It can be seen that in this embodiment, one pair of transmitter ports is employed for the balance, then another pair is employed by shifting the slide 22, then the first pair is returned to and once again the other pair is employed indefinitely. To obtain the movement in the opposite director the high and low pressures are reversed by actuating the slide distributor 22.

In the embodiment shown in FIG. 5, there is represented a cylinder having a quarternary cycle, that is, four identical transmitter or supply ports 7, 7', 7", 7'", having an effective length e and equally spaced apart at the elementary pitch (unit advance) d, and two identical receiver ports 6, 6a having an effective length r and spaced apart a distance D.

There will now be given in the case of this embodiment the dimensioning laws, that is to say the relations which must exist between the lengths e, r, D and d to satisfy the conditions of hydraulic locking, continuity and no short-circuit.
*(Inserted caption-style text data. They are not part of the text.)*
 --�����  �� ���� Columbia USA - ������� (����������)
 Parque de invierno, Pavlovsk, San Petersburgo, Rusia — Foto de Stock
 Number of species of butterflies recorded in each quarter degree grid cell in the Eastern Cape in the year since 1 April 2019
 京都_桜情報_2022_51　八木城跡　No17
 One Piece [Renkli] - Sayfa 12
First, the hydraulic locking condition requires that two transmitter ports, namely 7'" and 7', respectively connected to the high pressure and low pressure, be each tangent to a receiver port (or to the same receiver port). In other words, here, the right edge of the port 7'" is in alignment with the left edge of the port 6a and the left edge of the port 7' is in alignment with the right edge of the port 6.

The continuity condition requires that, in order to effect a step equivalent to the pitch d, a transmitter port here port 7, which was previously not supplied, must be supplied with fluid. At the beginning of the movement, this port 7 must therefore communicate with a receiver port and, at the end of the movement, it must return to the same position with respect to this port, as the port 7'" had with respect to the port 6a at the beginning of the movement.
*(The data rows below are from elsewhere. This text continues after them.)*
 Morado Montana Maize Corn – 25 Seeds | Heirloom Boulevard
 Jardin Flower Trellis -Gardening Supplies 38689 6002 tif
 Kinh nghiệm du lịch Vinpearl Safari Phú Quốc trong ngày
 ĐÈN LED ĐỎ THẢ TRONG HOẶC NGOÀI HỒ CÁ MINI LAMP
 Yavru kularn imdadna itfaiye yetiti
It is also necessary that the port 7", which was connected to the low pressure at the same time as the port 7 was connected to the high pressure, return to the same position with respect to a receiver port as the port 7' with respect to the port 6 at the beginning of the movement.

In order to avoid multiplying the number of ports, it will be assumed that the reverse step (equivalent to -d) is obtained in putting this same port 7 in communication with the return. Consequently, after a movement through a step (-d), the port 7 must be in the same position with respect to a receiver port as the port 7' was with respect to the port 6 at the beginning of the movement.
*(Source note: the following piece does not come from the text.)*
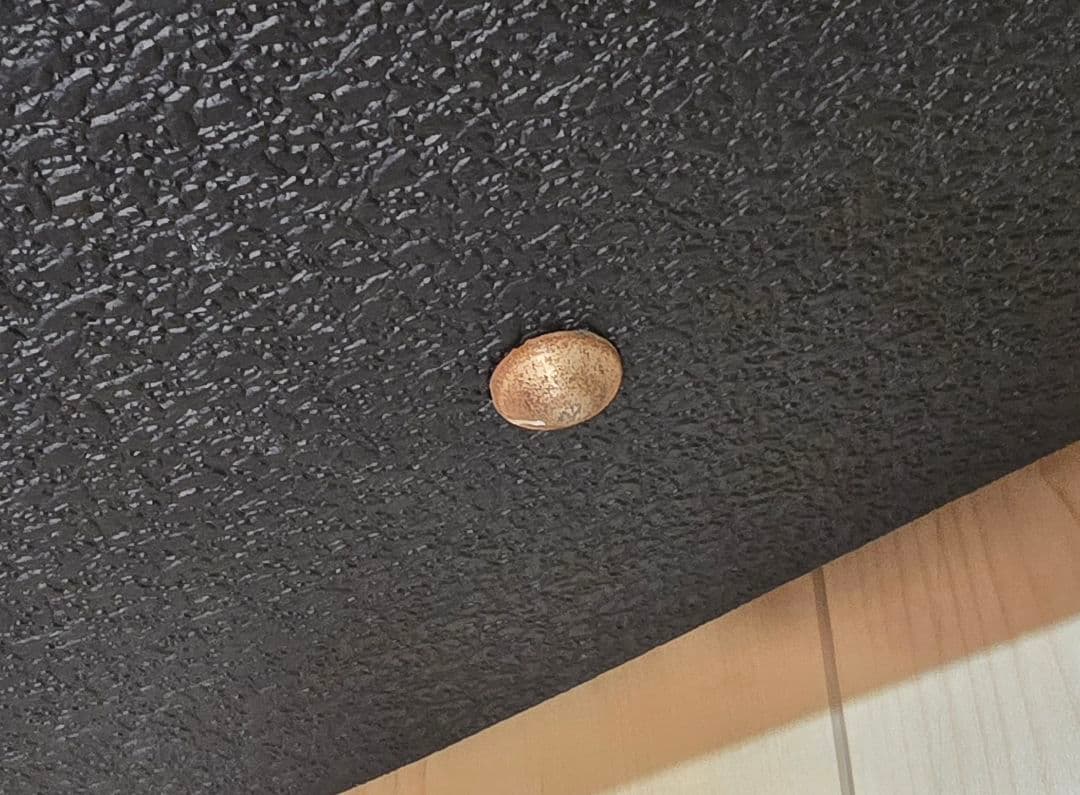 オベーション 12弦アコースティックギター 1994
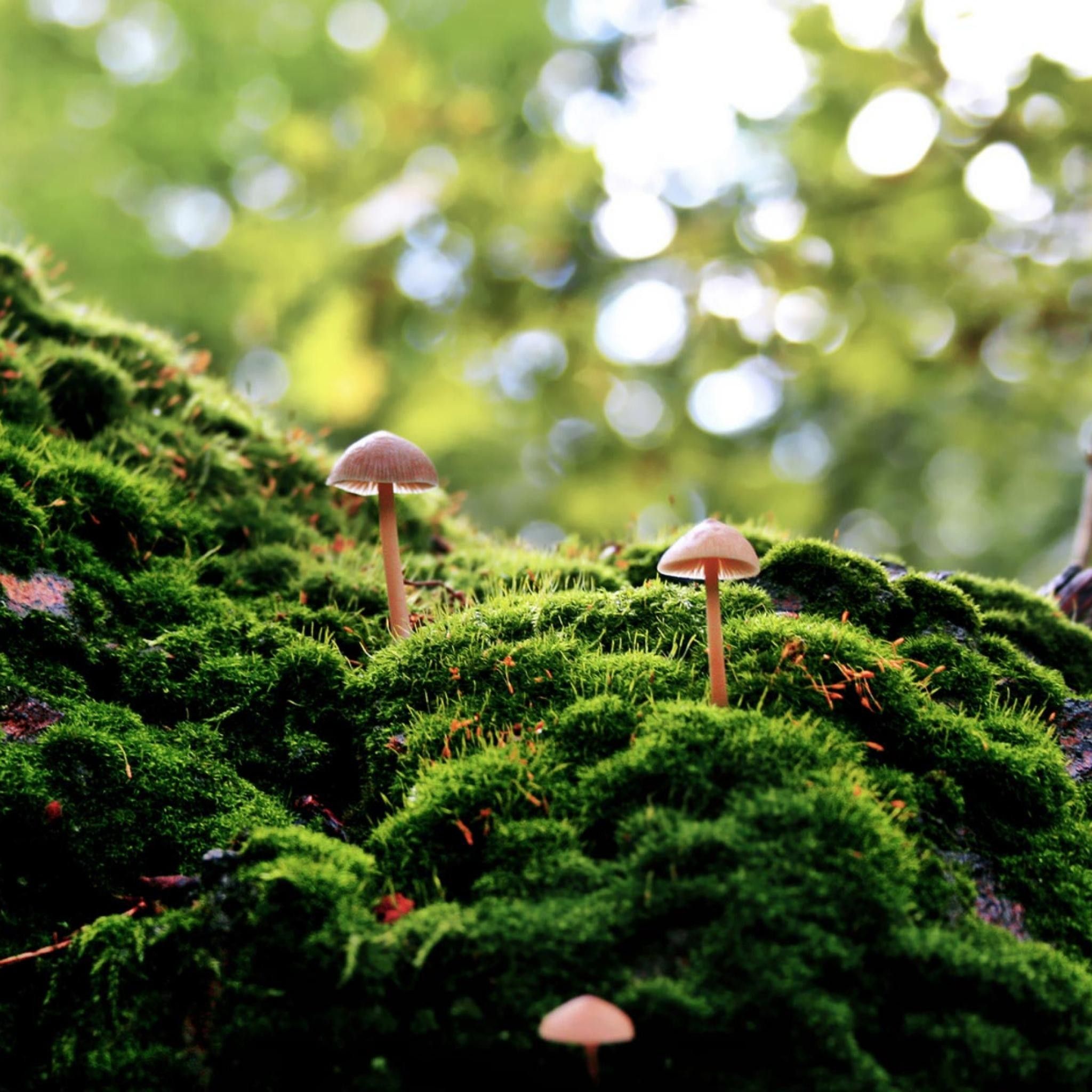 Flowers And Mushrooms Wallpapers Wallpaper Cave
The no short-circuit condition requires that the port 7" be closed off throughout the duration of the step d. In order to avoid an accidental short-circuit, it is well that the port 7" be also closed by a displacement equal to at least one step but in the opposite direction (-d). The foregoing considerations give the following relations:

e + r = 2 d

D = 4 e

With the sole restrictive hypothesis which consists in the decision to use the same ports of the transmitter for supplying the fluid and the return according as it is desired to move one step in one direction or the other, the arrangement of FIG. 5 is obtained in which the ports 7'" and 7' ensure the initial positioning and are offset by one pitch with respect to the supply ports 7" and 7 respectively.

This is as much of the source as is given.